Unfortunately, some business owners are focused on the singular concept of “sell more stuff” tunnel vision, where there is little concern over the key performance indicators (KPIs) of the business. Although more sales is a common goal, it can’t be achieved consistently without regard for strategy and tactics in the process. When measuring your own KPIs, you may want to ask the following five questions:
How will you measure success?
If your only goal is to grow revenue, then you’ll have an easy time tracking KPIs related to this performance metric. But, if client retention is as important as dollars coming in, or if minimizing workplace accidents to an acceptable level is the key driver, then determine how you’re going to measure these indicators.

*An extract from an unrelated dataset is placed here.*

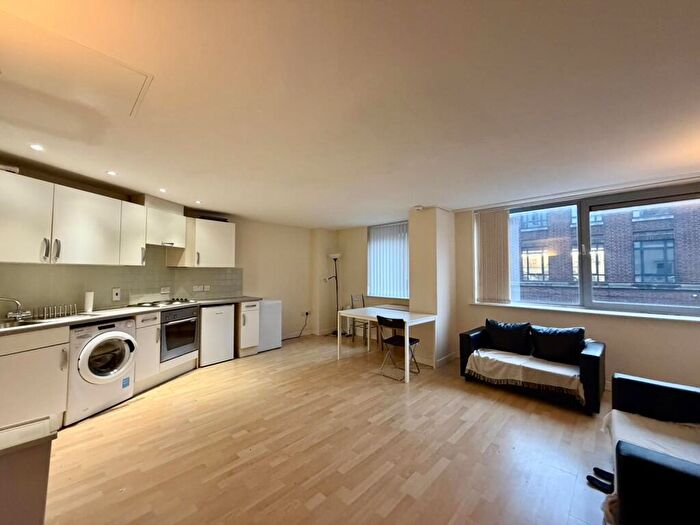 1 Bedroom Apartment To Rent In Cranbrook House, City Centre, NG1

Most companies have different KPIs for different campaigns. Client retention can be gauged by the frequency of re-orders after an initial client purchase. Safety can be measured by the number of days since an accident, or the resulting dollars lost due to an accident on the job. Make sure your KPIs are clear, or you’ll find it difficult to drive your team to successful outcomes.
What is most important to you?
Not all businesses operate in the same manner, so not all KPIs will be equally suited to all entities. You’ll need to start by determining what is important to you. Is market share the big piece? It is if you’re a bank. What about unit sales growth over the previous quarter? If you’re in manufacturing, that could be a big one. Additionally, while loyalty isn’t the easiest metric to measure, a loyal customer will generally buy more and stick around longer than a less loyal patron. Customer retention and gross sales – both from a unit perspective and total dollars earned – should be a part of any company’s KPIs.
Do your KPIs make sense?
Work your KPIs backward by first looking at the organization’s goals for the year. Ask yourself: Do your KPIs align with your business’ goals? Make sure your benchmarks are realistic given the timeframe and overall goals you’ve set forth. Keep seasonality or other business-specific modifiers in mind, too. The KPIs for one quarter may not be as fully applicable for the next.

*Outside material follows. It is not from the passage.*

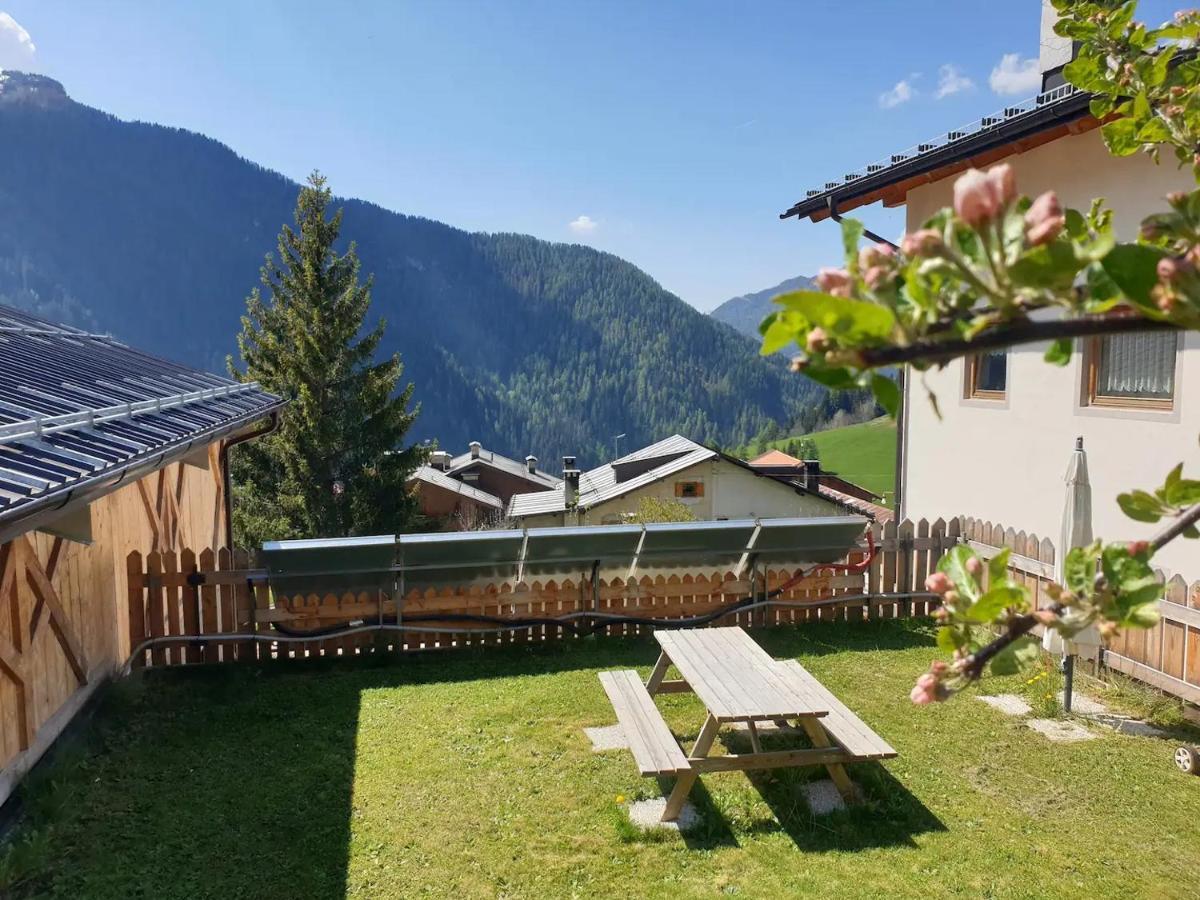 App Col Di Lana - Agriturismo La Majon Da Col Colle Santa Lucia Bagian luar foto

Do your KPIs drive engagement?
Whether your company is driven by retail sales or you own or operate a physical location, one of the best indicators of a thriving business is robust engagement statistics – both on the client and employee sides. You can analyze bounce rates and time spent on your site with Google Analytics to see how engaged your average visitor is with your site. Take a look at click-through patterns and heat maps to see where on your page the visitor is clicking most frequently. This data will help drive your goals and make any necessary adjustments along the way.

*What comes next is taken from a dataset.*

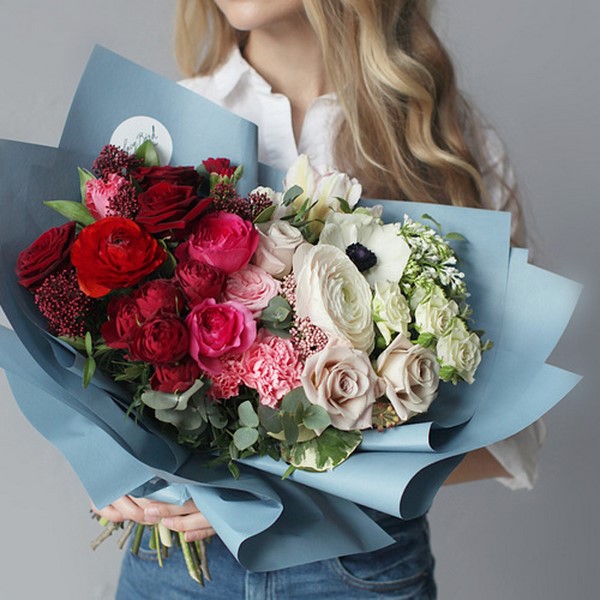 Bellissimi mazzi di fiori 2019-2020 - tendenze fotografiche nella progettazione di bouquet e composizioni floreali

Are your KPIs tied to your company’s future success?
While there is no such thing as having too much data on hand, you can run into trouble when you spend too much time focusing on the minutia, or items that are of little relevance to the business’ growth plan. Pare down your goals to several large and easily measurable benchmarks. Then, create tracking systems to keep close tabs on these indicators. You should know exactly where you should be, at any point in the year, in relation to these goals.
Use Data to Make Decisions
Now that you’ve determined what your KPIs should be and how to measure them, the real question is: How are you going to use the information gained? Are you simply monitoring progress toward a set goal, or are you keeping a close watch on the direction of the business in case you need to course-correct at any given time?
Remember, KPIs can be used to track performance, motivate team members, and enhance communication. By understanding what your key performance indicators are, how to track them, what to do with the information gained, and how to best react to KPI-related data, you’ll position your business for success.
Only through a deep understanding of KPIs can you drive the ultimate goal: optimal brand value. Do so, and you’ll create lasting connections with clients that will boost your business and create sustainable gains for years.